For quite some time now, various source versions had already been available by leaks. An 8080 Altair version (4K?), an early generic 6502 8K version, a CP/M 5.x version, and an 8086 version. And the labels from the 6502 version apply very well to a disassembly of early 6800 8K versions for Altair 680 and SWTPC, though the 5-byte float support needs to be reconstructed.
Admittedly they were all a bit lacking in that they only hint at the original PDP-10 macro-fied version, which this release seems to be. And this still doesn't fulfill my quest for a clean 68000 version with binary math routines aside from the horribly segmented Mac OS version that's full of all sorts of new-age post-5.x stuff. (There's a 5.x decimal-math version for Tandy 6000 Xenix, but I never found a binary-math Xenix version.) But I'll be happy to look at what this version brings to the whole collection of MS-BASIC source code.

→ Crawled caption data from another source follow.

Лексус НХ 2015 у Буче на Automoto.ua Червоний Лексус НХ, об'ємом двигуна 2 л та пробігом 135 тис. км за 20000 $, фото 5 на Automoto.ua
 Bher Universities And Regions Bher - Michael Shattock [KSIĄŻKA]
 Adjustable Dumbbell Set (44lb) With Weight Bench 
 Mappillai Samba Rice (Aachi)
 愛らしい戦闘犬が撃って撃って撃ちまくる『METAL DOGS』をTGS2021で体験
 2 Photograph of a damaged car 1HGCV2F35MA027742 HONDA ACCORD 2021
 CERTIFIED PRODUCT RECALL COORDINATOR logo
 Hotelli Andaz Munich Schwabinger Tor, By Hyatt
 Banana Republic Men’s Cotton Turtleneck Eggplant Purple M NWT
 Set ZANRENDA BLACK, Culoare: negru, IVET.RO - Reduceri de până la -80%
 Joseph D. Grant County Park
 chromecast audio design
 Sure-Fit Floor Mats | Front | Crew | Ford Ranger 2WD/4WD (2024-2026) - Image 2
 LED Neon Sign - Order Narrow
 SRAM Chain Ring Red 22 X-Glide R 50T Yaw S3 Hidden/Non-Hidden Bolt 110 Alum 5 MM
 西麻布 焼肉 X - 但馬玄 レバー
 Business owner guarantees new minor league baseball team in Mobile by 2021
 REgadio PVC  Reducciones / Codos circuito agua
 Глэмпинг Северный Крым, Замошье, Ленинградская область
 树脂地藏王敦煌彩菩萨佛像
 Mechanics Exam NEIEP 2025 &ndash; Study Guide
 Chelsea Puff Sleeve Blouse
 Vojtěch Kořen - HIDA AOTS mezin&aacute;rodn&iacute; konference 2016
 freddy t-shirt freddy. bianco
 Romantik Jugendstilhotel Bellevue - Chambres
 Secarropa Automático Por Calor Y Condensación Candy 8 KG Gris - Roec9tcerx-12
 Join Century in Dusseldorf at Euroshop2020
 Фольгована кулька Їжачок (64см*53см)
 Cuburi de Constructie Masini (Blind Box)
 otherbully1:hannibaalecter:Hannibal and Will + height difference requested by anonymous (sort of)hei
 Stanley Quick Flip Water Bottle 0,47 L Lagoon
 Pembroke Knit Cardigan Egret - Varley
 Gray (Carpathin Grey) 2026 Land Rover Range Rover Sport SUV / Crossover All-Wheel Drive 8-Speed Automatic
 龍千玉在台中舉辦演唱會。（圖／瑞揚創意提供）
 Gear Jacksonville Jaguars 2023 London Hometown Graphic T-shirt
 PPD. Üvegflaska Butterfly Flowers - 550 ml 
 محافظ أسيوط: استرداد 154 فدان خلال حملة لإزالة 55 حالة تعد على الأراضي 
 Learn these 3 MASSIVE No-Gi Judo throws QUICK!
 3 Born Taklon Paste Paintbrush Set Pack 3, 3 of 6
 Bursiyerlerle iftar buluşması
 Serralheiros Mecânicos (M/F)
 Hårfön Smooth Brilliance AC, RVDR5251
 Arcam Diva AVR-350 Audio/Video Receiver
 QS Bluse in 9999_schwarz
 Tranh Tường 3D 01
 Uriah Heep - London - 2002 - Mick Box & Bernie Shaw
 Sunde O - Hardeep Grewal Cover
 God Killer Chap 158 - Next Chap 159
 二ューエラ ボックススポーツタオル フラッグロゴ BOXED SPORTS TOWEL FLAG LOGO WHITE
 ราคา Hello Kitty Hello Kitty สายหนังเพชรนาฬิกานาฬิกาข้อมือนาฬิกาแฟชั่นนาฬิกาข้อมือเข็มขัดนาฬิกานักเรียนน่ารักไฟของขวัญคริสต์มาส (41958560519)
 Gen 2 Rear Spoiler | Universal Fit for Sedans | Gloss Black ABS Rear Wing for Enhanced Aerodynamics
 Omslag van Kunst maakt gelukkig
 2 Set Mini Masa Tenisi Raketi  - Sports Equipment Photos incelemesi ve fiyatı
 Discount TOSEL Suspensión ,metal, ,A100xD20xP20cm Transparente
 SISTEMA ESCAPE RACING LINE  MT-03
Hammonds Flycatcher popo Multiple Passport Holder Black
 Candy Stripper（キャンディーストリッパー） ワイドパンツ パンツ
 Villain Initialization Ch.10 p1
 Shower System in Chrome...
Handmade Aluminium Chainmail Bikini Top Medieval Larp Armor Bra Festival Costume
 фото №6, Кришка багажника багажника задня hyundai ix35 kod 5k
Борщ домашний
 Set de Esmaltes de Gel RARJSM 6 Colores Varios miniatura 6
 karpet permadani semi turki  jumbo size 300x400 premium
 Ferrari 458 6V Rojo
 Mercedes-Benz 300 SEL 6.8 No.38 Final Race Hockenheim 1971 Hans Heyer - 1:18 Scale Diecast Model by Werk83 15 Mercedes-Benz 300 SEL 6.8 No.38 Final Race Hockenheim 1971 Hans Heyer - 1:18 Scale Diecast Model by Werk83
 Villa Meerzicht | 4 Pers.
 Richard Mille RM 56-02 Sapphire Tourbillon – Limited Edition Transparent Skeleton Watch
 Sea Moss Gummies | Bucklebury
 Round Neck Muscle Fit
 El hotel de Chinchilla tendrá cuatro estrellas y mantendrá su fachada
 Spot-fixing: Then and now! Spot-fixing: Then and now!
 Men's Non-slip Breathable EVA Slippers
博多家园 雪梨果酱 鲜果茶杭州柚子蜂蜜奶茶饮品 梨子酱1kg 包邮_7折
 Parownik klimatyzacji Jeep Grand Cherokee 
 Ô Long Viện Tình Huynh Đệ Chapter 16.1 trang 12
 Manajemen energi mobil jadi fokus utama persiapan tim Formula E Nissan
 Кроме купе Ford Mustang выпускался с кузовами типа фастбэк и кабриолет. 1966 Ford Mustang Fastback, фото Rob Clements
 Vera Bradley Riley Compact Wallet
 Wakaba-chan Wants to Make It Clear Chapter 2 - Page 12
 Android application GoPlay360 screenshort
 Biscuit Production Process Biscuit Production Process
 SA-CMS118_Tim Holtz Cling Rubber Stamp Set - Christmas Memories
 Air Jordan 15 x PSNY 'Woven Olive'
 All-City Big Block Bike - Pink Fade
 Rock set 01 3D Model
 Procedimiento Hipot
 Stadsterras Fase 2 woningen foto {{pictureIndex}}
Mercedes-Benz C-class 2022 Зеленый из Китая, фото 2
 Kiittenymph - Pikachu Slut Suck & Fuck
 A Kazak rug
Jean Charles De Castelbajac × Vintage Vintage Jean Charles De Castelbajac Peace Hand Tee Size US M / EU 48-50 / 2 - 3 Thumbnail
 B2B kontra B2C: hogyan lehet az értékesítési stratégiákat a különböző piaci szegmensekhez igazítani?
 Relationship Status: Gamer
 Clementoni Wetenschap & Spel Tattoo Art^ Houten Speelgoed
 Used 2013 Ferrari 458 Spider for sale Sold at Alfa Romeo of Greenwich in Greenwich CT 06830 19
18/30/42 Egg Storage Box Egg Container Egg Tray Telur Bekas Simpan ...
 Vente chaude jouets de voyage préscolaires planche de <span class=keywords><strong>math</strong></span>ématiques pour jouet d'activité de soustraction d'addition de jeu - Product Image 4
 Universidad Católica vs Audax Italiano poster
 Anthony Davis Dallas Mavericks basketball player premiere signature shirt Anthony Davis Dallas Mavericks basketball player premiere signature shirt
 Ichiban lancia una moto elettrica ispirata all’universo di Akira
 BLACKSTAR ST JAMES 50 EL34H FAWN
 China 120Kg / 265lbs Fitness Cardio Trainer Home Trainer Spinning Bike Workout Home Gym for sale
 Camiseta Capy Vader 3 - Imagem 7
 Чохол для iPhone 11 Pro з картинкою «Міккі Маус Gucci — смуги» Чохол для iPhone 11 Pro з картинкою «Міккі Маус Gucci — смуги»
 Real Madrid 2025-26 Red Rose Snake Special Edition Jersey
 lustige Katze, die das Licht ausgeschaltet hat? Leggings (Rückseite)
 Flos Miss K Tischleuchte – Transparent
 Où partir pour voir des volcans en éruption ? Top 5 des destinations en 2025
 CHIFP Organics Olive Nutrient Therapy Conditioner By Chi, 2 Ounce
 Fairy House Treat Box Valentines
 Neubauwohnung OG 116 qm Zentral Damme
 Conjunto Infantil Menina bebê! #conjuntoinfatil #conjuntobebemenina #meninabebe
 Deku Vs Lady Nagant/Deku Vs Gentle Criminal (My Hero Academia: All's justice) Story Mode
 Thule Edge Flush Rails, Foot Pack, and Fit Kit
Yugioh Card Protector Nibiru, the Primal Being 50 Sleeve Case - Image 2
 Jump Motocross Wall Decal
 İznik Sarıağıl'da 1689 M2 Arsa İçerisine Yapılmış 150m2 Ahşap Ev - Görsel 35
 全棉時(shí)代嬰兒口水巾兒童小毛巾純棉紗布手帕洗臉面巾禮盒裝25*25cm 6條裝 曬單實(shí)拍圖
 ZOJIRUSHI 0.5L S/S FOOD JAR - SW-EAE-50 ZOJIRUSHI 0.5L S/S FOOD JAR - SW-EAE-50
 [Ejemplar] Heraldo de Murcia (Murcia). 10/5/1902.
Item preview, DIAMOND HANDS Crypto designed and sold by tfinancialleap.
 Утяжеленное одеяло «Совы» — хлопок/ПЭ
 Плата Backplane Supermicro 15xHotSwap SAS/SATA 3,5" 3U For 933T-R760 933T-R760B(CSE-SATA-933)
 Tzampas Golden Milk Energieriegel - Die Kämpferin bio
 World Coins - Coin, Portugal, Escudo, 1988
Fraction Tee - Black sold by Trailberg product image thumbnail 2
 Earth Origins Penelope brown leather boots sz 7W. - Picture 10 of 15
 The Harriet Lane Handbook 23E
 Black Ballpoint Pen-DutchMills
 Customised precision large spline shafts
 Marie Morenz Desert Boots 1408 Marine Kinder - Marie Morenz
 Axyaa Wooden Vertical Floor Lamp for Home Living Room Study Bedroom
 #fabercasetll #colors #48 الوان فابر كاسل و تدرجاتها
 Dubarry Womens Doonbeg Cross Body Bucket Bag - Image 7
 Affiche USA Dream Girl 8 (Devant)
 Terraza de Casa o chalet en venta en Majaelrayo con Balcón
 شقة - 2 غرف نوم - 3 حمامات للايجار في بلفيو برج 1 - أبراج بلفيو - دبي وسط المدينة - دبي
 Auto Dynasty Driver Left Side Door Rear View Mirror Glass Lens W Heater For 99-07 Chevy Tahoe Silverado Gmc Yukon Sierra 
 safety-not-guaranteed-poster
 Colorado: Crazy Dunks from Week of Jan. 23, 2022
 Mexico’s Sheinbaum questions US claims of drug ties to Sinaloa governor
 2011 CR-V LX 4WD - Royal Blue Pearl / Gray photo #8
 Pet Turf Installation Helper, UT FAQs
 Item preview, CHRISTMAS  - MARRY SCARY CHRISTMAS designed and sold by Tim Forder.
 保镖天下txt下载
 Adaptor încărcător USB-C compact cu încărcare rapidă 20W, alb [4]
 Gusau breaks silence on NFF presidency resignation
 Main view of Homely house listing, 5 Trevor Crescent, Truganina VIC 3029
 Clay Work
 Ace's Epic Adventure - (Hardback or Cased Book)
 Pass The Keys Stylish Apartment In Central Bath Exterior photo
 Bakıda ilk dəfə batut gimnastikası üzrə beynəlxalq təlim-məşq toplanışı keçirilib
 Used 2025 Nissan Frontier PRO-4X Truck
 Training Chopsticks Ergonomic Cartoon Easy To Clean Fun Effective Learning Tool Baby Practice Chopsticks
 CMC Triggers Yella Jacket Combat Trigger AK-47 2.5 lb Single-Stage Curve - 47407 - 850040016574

This all has meaning to me because I started on a TRS-80, and I was always disassembling its BASIC, followed by looks inside 6809 and 68000 versions. It's been fun trying to trace the ancestry of all the various bits of it. I sometimes say that I learned assembly language from Bill Gates because I learned so much from the code for BASIC. And I've actually been using this knowledge lately with a project to build a computer around a 68HC11 CPU. It's very convenient to be able to re-assemble it as necessary.